[Data excerpt Boundary: Start]
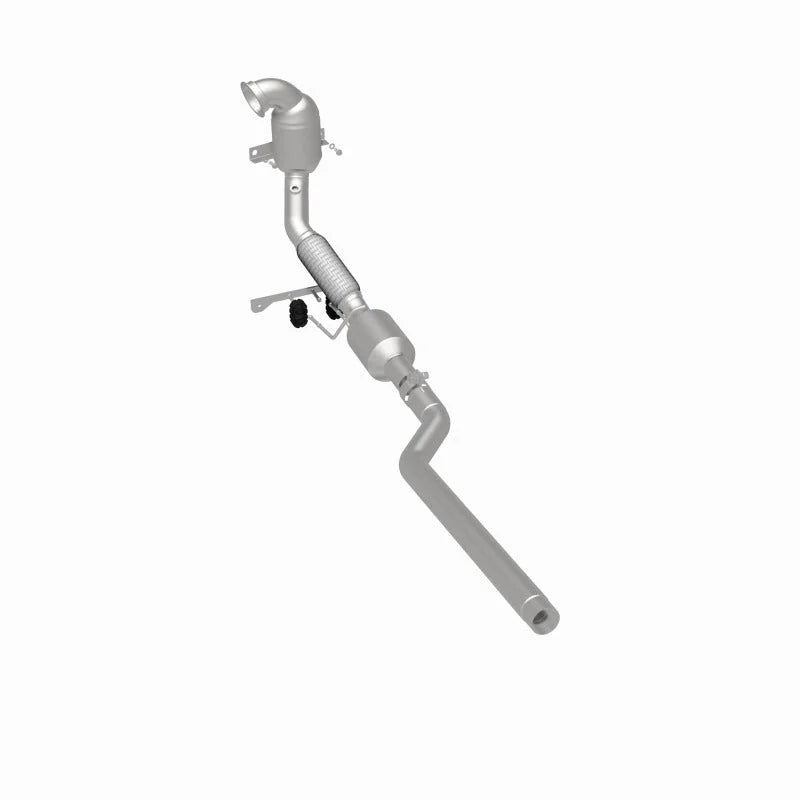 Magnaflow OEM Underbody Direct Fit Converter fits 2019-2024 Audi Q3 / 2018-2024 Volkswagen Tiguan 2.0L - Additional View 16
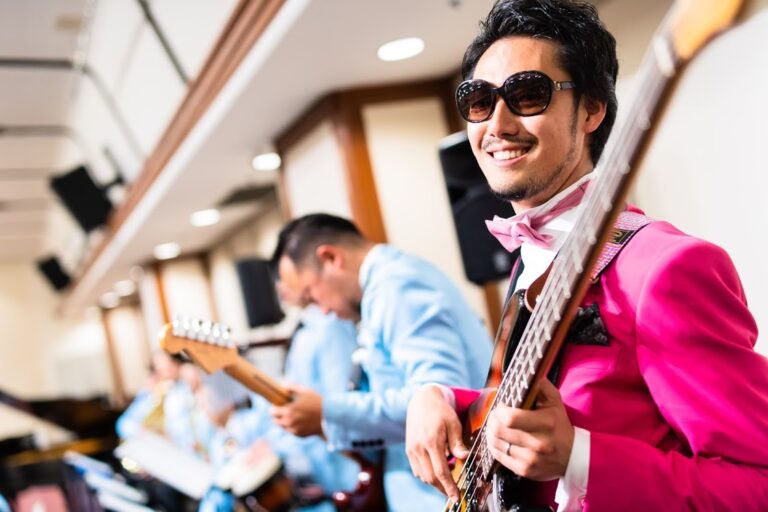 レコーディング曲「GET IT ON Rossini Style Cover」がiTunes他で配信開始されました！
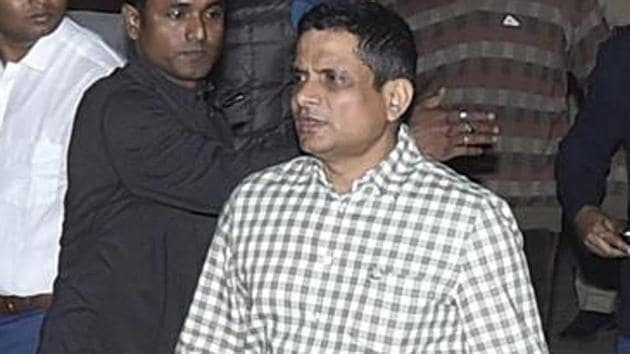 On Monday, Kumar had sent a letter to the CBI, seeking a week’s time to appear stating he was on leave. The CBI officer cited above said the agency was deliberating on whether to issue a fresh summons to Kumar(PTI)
[Data excerpt Boundary: End]
▶ Your objective
Pictures stay out of the answer; the rest of the listing above is returned exactly.

▶ Problem solution
 Magnaflow OEM Underbody Direct Fit Converter fits 2019-2024 Audi Q3 / 2018-2024 Volkswagen Tiguan 2.0L - Additional View 16
 レコーディング曲「GET IT ON Rossini Style Cover」がiTunes他で配信開始されました！
 On Monday, Kumar had sent a letter to the CBI, seeking a week’s time to appear stating he was on leave. The CBI officer cited above said the agency was deliberating on whether to issue a fresh summons to Kumar(PTI)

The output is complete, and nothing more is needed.